Devrim niteliğindeki ChatGPT ile tanıdığımız ve hayatlarımıza yıldırım gibi düşen OpenAI 2015 yılında Elon Musk, Sam Altman, Greg Brockman, Ilya Sutskever, John Schulman ve Wojciech Zaremba gibi önde gelen teknoloji liderleri tarafından kuruldu.
Aslında yolculuğuna oldukça asil bir amaçla başlamıştı. Kuruluş amacı, yapay zekâyı (AI) güvenli ve etik bir şekilde geliştirmek ve bu teknolojiyi tüm insanlığa fayda sağlayacak şekilde kullanmaktı.
Bu sebeple ilk olarak kâr amacı gütmeyen bir araştırma laboratuvarı olarak kuruldu.
OpenAI, yapay zekâyı insanlığın yararına olacak şekilde geliştirmeyi hedefliyordu.
Kâr amacı gütmeyen bir organizasyon bünyesinde faaliyetlerine devam eden OpenAI’ın temel hedefi yapay zekâ teknolojisini parasal odakta değil toplumsal bir odakta geliştirerek insanlığa fayda sağlamaktı.

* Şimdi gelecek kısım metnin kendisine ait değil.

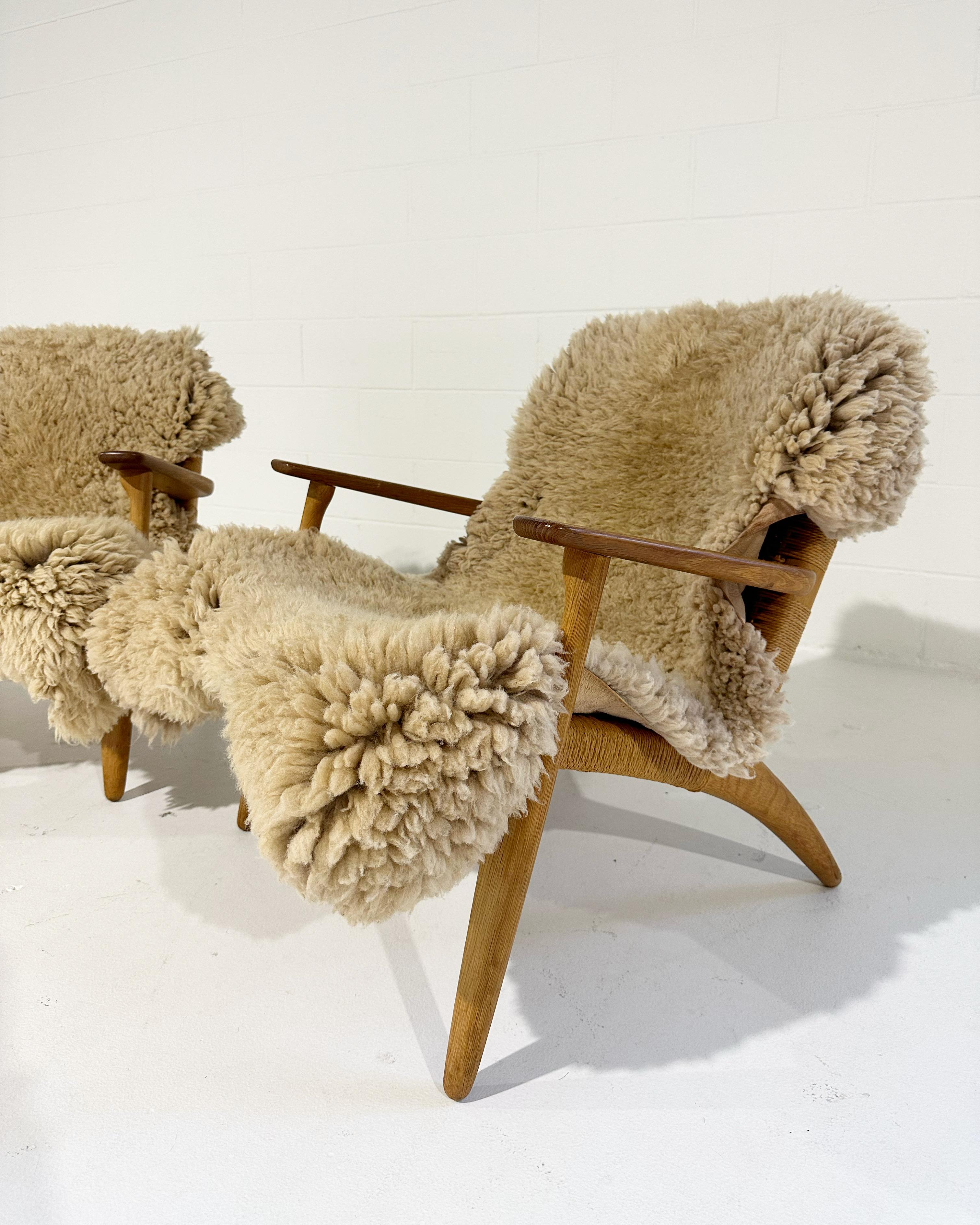 Danish Model CH25 Chairs with California Sheepskins, Pair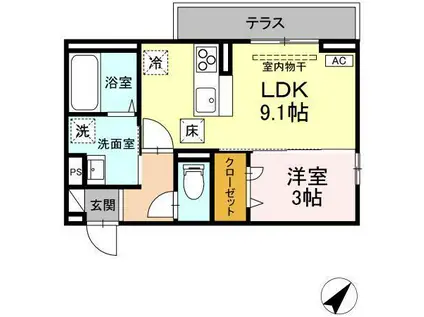 レスア柏崎I(1LDK/1階)の間取り写真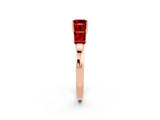 Rose gold Princess Cut Five-Stone Ruby Ring with Classic Prong Setting_8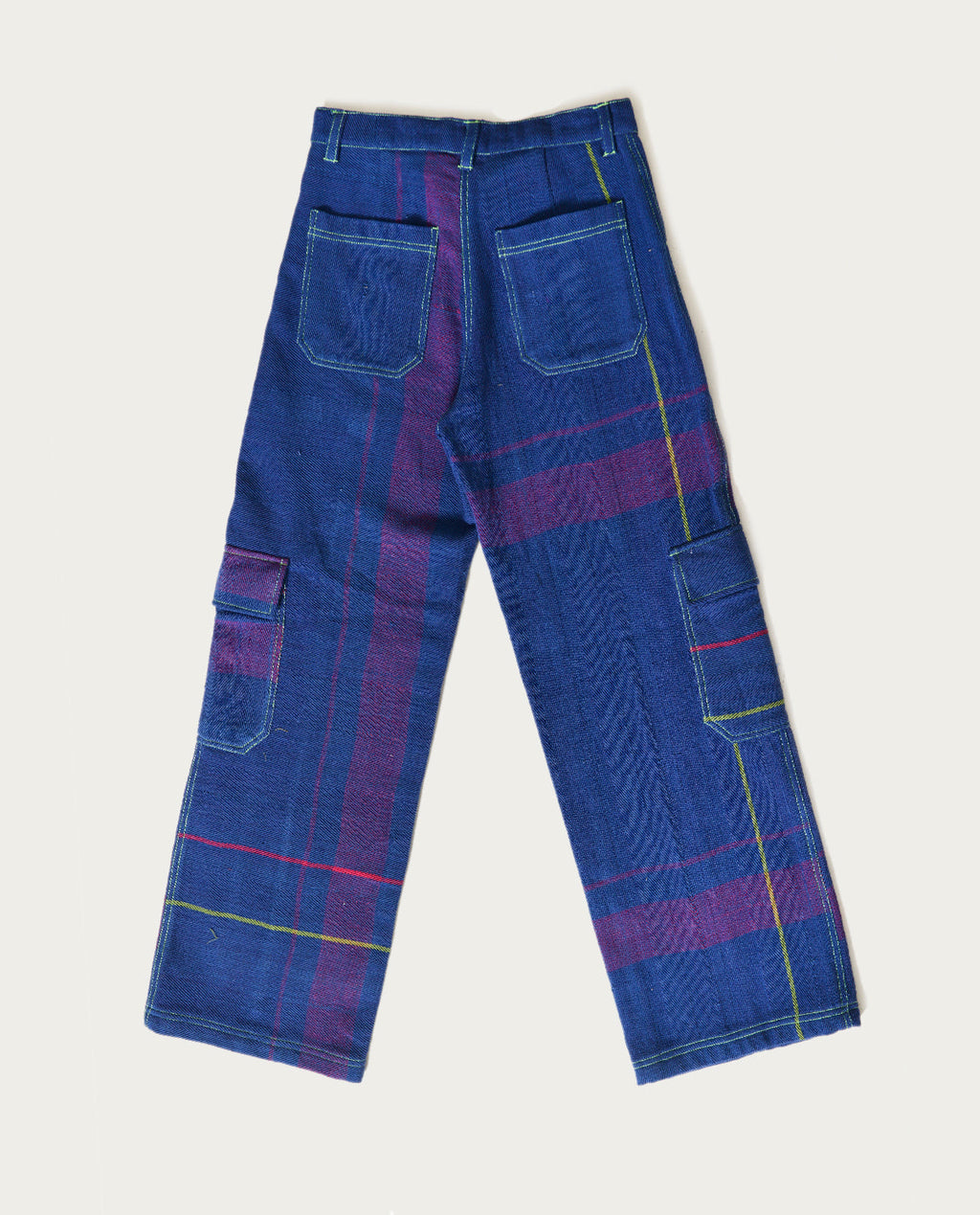 Recycled Blue Multi Colored Cargo Pants at Kamakhyaa by Rias Jaipur. This item is 100% Cotton, Blue, Bottoms, Casual wear, Multicolor, Natural, Pants, RE 2.O, Regular, Stripes, Unisex, Womenswear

2019 yılında ise, OpenAI, finansal sürdürülebilirlik ve büyük çaplı yatırımlar çekebilmek amacıyla iki başlı bir yapıya geçti. Bu yapıda OpenAI Inc ve OpenAI LP olarak iki kuruluş yer alıyordu.
Kâr amacı gütmeyen ana kuruluş olan OpenAI ve bu kuruluşa bağlı çalışan fakat “sınırlı kâr amacı” güden OpenAI LP olarak ikiye ayrıldı.
Fakat bu durum yapay zekâ teknolojisinin demokratikleşmesi felsefesine aykırıydı ve oldukça eleştirildi.
Peki, OpenAI tamamen kâr amacı güden bir şirket olarak faaliyetlerine devam etse neler olur dersiniz?
OpenAI’ı tamamen kâr amacı güden bir şirkete dönüştürme düşüncesi, kuruluşun mevcut yapısını ve gelecekteki yönünü büyük ölçüde etkileyecektir.
Örneğin, kâr amacı güden bir yapı, büyük yatırımcıların ilgisini çekebilir ve daha iddialı projelerde kullanılabilecek daha fazla finansal kaynak sağlayabilir.
Daha fazla finansal kaynağa sahip olmak şirketin sektörde daha rekabetçi olmasını sağlayabilir.
Şirketin finansal kaynağının artması her zaman iyi bir şey depil. Etik sorunları da beraberinde getirebilir.
Kâr amacı güden bir yapıda, bazı etik ve güvenlik problemleri yaşanabilir.
Çünkü bu tarz bir yapıda yatırımcılar, kâr elde etmeyi öncelik hâline getirebilir ve bu durum, yapay zekânın güvenli ve etik bir şekilde geliştirilmesini zorlaştırabilir.
Kâr odaklı şirketlerde çalışanlar, yöneticiler ve hissedarların kendi çıkarlarını düşünmesi kendileri için çok kazançlı olurken diğer kişiler için yıkıcı sonuçlar doğurabilir. Tıpkı 2008 finansal krizinde olduğu gibi…
Bu da OpenAI’nın başlangıçtaki misyonundan tamamen sapması demektir.
Tabii bir de bizlerin karşı karşıya kalacağı etkiler var.
Tamamen kâr amacı güden bir şirket, yapay zekâ teknolojilerinin kullanımı ve dağıtımında toplumsal eşitsizliklere yol açabilir.
Ücretsiz kullanımın ortadan kalkması ya da çok sınırlı hâle getirilmesi, bu teknolojinin sadece belirli bir kesim tarafından erişilebilir olmasına ve şirketin toplumsal fayda amacından uzaklaşmasına sebep olabilir.
Özetle, OpenAI’nın mevcut iki başlı yapısı, etik ve güvenlik standartlarını korumayı amaçlayan bir kontrol mekanizması sunuyor.
Ancak bu yapıyı tamamen kâr amacı güden bir şirkete dönüştürme fikri, daha fazla finansal kaynak ve inovasyon fırsatları yaratabilirken, teknolojinin demokratikleşmesi açısından ciddi endişeler doğurabilir gibi görünüyor.